**WHAT YOU NEED TO DO**. Please give back the listing below word for word and drop any images.
──────── THE RECORDS ────────
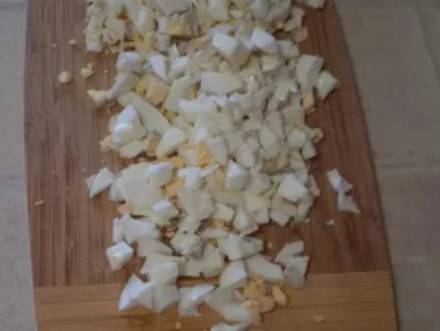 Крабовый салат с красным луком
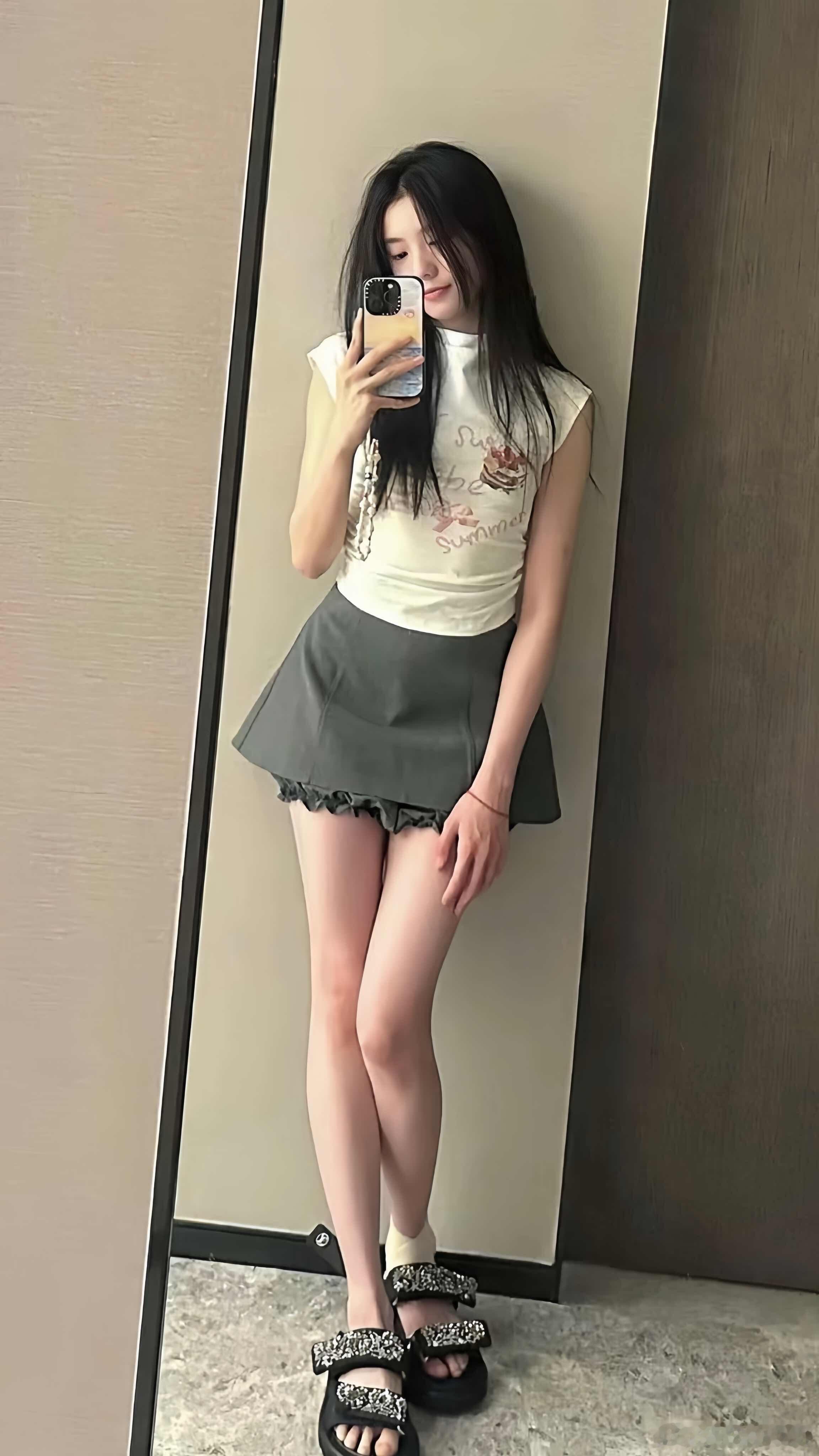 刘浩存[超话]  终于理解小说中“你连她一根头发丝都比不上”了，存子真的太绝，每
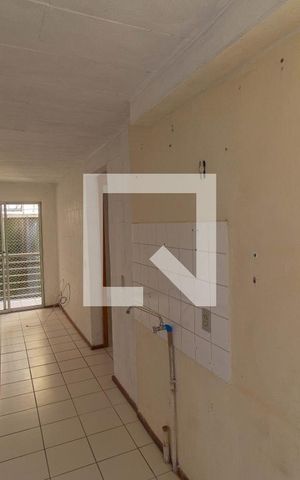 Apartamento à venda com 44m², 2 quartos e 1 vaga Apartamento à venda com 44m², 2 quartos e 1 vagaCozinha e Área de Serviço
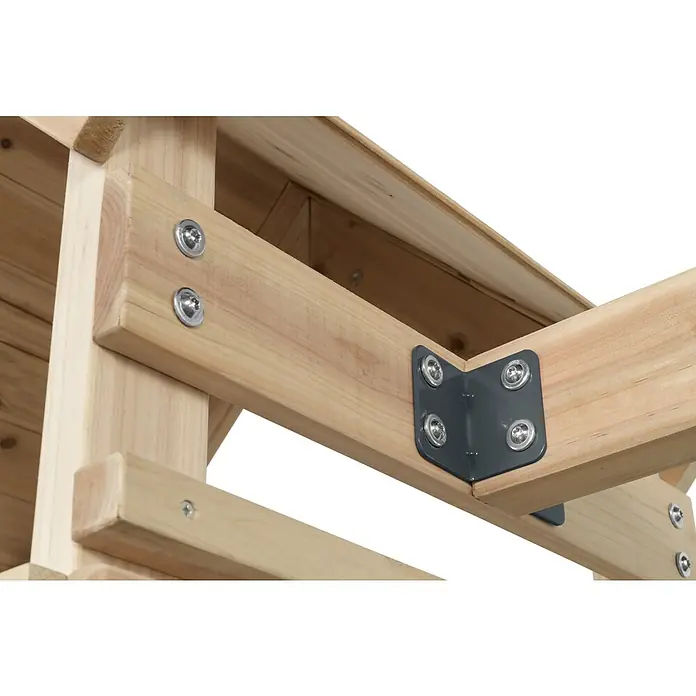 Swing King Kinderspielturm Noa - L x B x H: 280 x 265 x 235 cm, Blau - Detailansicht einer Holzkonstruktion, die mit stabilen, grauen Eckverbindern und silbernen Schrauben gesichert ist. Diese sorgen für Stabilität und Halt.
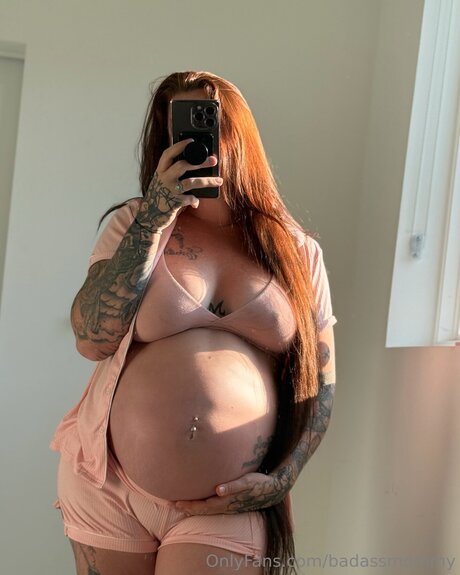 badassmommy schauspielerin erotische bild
────────
**ANSWER FOR THE TASK**.
 Крабовый салат с красным луком
 刘浩存[超话]  终于理解小说中“你连她一根头发丝都比不上”了，存子真的太绝，每
 Apartamento à venda com 44m², 2 quartos e 1 vaga Apartamento à venda com 44m², 2 quartos e 1 vagaCozinha e Área de Serviço
 Swing King Kinderspielturm Noa - L x B x H: 280 x 265 x 235 cm, Blau - Detailansicht einer Holzkonstruktion, die mit stabilen, grauen Eckverbindern und silbernen Schrauben gesichert ist. Diese sorgen für Stabilität und Halt.
 badassmommy schauspielerin erotische bild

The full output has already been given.